If it were the last, according to the old- fashioned notions and theories, you must now prescribe for Bright’s disease; you would not think that remedy which you figured out two years before fitted his case perfectly then and is what he must have now. But he needed that remedy from his childhood, and you were able to figure it out from the symptoms of his change of state pure and simple, without tissue changes. Do you suppose because the disease has now progressed into tissue change, the organs are breaking down and the man is going to die, that this has changed that primitive state?

James Tyler Kent
James Tyler Kent (1849–1916) was an American physician. Prior to his involvement with homeopathy, Kent had practiced conventional medicine in St. Louis, Missouri. He discovered and "converted" to homeopathy as a result of his wife's recovery from a serious ailment using homeopathic methods.

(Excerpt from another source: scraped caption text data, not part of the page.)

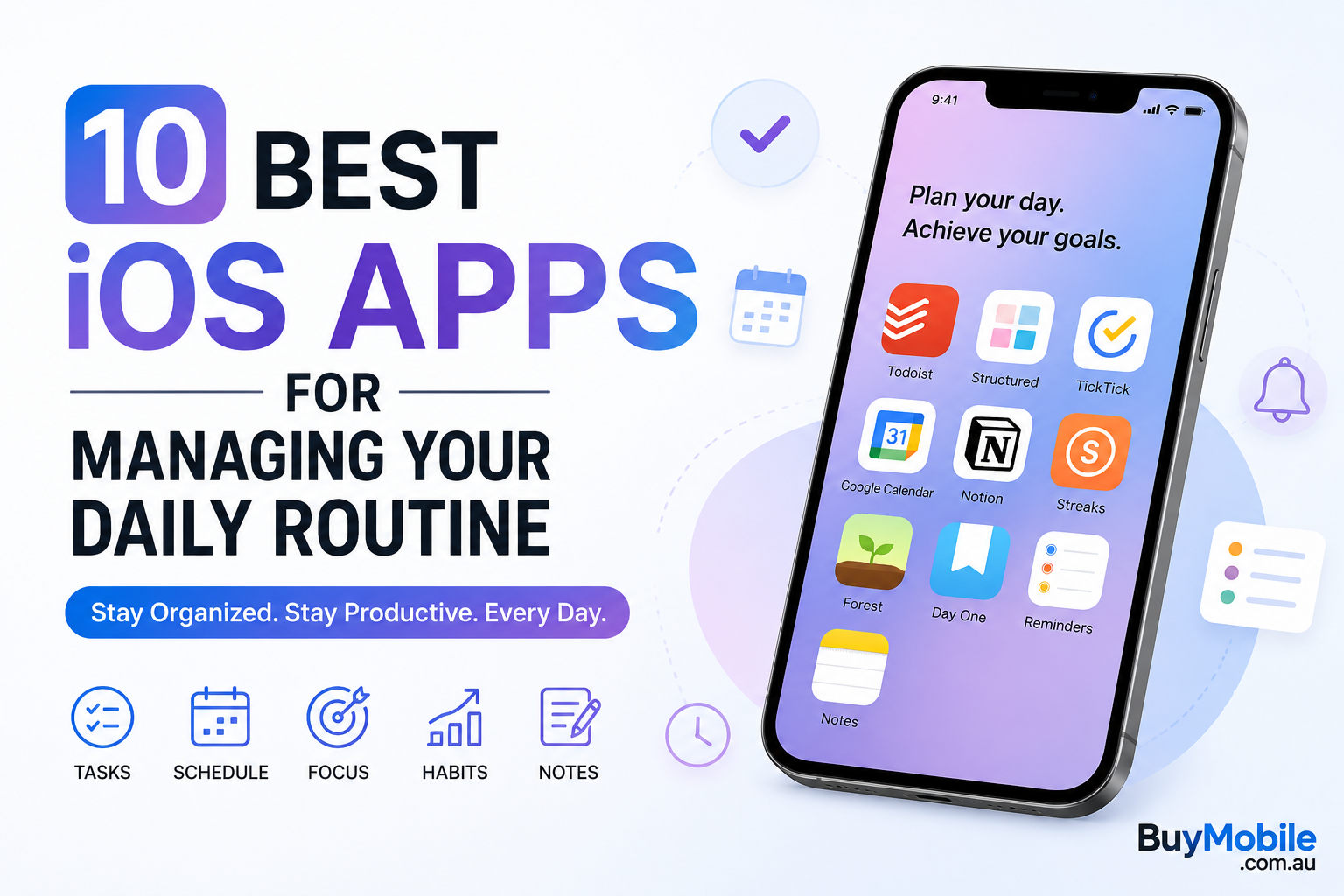 10 Best iOS Apps for Managing Your Daily Routine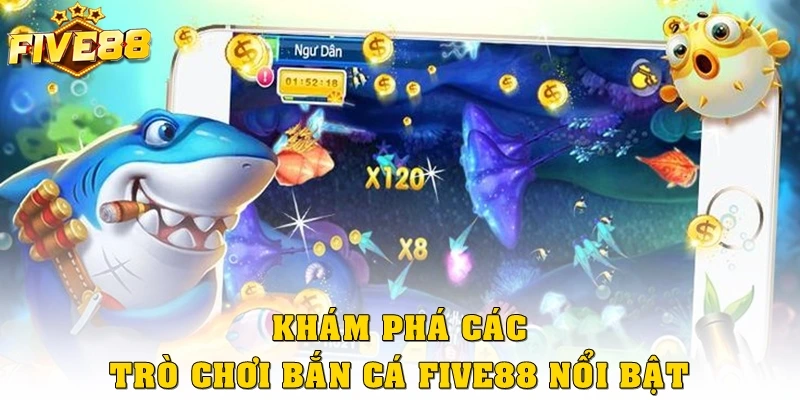 Khám phá các trò chơi bắn cá Five88 nổi bật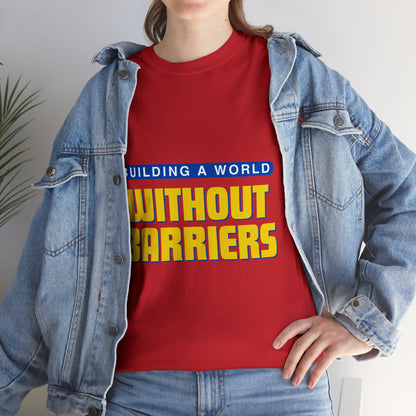 Unisex T-Shirt - Building a World Without Barrier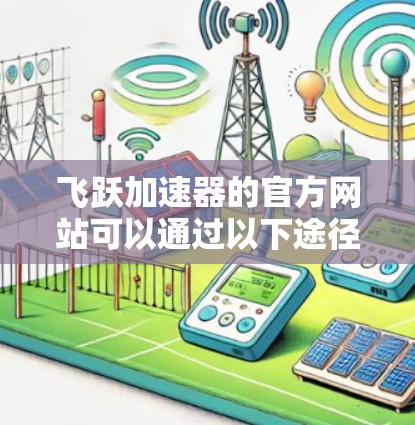 飞跃加速器的官方网站可以通过以下途径访问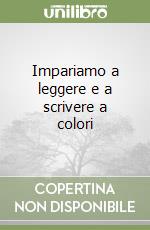 Impariamo a leggere e a scrivere a colori libro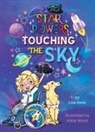 Rose, Lisa Rose, Wood, Katie Wood - Touching the Sky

In 1881, Kent accepted a position as professor of anatomy at the Homeopathic College of Missouri, an institution with which he remained affiliated until 1888. In 1890, Kent moved to Pennsylvania to take a position as Dean of Professors at the Post-Graduate Homeopathic Medical School of Philadelphia. In 1897 Kent published his magnum opus, Repertory of the Homœopathic Materia Medica. Kent moved to Chicago in 1903, where he taught at Hahnemann Medical College.